:: What this task involves ::
Start with the first line of the data and end with the line that holds "1969-D Kennedy Silver"; write out each one exactly.

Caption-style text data
.....
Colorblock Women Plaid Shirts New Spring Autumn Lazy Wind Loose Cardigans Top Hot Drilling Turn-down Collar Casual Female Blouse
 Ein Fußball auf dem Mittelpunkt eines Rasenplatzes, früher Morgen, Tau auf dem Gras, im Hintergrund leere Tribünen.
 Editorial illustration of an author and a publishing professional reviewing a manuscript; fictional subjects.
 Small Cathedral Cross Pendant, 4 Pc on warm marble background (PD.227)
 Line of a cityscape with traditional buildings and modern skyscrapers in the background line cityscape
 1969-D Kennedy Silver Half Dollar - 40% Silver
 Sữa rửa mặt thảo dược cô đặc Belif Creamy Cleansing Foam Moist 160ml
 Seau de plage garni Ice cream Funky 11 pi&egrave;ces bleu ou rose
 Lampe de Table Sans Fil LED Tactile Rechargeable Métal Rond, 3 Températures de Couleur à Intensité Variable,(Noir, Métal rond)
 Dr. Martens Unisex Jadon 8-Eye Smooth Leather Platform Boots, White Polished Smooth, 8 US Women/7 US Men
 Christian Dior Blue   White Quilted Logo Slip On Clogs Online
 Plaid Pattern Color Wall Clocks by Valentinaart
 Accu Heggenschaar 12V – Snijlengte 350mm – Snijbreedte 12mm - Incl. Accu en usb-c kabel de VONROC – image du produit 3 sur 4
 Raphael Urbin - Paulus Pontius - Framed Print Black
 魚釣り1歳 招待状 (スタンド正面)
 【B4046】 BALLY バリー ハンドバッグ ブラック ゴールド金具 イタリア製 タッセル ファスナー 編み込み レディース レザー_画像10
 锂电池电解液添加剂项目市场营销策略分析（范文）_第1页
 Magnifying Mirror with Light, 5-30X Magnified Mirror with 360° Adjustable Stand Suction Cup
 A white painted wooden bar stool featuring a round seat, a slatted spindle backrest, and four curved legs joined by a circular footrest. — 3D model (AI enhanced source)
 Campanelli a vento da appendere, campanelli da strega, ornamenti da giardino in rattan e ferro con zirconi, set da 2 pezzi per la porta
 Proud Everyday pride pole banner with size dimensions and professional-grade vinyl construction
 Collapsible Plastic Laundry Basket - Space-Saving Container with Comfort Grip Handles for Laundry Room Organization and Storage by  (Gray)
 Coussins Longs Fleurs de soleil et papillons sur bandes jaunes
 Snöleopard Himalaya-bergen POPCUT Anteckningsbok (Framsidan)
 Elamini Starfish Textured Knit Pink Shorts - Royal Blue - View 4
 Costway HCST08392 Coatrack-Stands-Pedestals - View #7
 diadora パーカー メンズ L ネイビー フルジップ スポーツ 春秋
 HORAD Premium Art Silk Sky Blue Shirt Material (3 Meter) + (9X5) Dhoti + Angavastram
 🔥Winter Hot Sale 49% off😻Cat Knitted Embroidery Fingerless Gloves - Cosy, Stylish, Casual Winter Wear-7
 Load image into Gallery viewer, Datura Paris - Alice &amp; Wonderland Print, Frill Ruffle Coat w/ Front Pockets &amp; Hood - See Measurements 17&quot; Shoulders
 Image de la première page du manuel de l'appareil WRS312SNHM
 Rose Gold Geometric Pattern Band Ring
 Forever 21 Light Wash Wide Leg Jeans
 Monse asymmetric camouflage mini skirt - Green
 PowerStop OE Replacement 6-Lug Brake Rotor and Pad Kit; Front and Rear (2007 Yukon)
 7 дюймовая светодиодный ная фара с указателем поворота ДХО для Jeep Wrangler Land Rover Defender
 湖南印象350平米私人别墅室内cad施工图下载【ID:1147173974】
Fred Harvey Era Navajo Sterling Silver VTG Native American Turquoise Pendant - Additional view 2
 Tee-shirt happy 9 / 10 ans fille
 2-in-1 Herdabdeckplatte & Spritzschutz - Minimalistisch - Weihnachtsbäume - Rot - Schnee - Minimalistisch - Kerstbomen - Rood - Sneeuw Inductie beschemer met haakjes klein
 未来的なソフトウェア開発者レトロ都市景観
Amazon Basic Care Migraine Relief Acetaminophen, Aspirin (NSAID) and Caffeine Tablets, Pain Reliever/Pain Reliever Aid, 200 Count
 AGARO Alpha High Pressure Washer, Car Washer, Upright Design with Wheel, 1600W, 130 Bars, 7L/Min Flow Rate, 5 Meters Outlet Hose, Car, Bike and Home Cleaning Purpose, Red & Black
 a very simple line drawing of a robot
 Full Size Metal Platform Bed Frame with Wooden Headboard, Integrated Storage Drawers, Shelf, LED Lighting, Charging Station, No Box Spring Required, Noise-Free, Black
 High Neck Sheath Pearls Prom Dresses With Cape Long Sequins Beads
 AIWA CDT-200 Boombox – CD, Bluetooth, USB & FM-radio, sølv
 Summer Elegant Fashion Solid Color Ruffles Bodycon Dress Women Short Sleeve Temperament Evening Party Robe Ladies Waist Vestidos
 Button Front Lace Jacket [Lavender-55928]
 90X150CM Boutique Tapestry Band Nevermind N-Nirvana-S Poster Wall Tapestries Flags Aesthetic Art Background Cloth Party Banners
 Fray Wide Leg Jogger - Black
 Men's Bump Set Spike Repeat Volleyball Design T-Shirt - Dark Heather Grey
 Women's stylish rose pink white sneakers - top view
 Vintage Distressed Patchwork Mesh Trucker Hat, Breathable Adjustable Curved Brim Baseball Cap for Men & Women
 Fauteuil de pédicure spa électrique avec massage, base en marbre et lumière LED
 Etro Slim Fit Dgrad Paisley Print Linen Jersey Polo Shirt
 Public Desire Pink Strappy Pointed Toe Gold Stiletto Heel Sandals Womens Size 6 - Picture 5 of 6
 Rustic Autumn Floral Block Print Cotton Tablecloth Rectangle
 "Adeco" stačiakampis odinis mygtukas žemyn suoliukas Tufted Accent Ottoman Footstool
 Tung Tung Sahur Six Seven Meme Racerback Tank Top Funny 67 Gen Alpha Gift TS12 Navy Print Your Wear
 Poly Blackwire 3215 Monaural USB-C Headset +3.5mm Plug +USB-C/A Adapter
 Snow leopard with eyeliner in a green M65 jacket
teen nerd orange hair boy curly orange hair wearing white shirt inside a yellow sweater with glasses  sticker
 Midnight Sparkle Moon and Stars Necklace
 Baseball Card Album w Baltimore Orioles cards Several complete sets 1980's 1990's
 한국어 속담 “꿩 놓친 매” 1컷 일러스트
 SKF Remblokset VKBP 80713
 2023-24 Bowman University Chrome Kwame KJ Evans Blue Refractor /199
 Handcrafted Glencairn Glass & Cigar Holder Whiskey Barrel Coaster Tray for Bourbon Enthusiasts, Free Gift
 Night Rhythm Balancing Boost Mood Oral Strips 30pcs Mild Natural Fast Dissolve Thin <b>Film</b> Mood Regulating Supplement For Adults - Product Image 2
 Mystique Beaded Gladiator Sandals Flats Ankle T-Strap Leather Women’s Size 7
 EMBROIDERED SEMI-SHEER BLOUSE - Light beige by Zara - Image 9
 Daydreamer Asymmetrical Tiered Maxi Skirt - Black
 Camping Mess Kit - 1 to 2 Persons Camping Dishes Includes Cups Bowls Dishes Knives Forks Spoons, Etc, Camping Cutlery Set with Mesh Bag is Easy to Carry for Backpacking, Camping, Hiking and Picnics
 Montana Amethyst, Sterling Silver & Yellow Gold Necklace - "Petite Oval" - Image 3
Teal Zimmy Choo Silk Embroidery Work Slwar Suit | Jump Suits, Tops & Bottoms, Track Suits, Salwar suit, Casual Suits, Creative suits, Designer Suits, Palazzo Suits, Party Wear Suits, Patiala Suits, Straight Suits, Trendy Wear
.....
:: Answer to this exercise ::
Colorblock Women Plaid Shirts New Spring Autumn Lazy Wind Loose Cardigans Top Hot Drilling Turn-down Collar Casual Female Blouse
 Ein Fußball auf dem Mittelpunkt eines Rasenplatzes, früher Morgen, Tau auf dem Gras, im Hintergrund leere Tribünen.
 Editorial illustration of an author and a publishing professional reviewing a manuscript; fictional subjects.
 Small Cathedral Cross Pendant, 4 Pc on warm marble background (PD.227)
 Line of a cityscape with traditional buildings and modern skyscrapers in the background line cityscape
 1969-D Kennedy Silver Half Dollar - 40% Silver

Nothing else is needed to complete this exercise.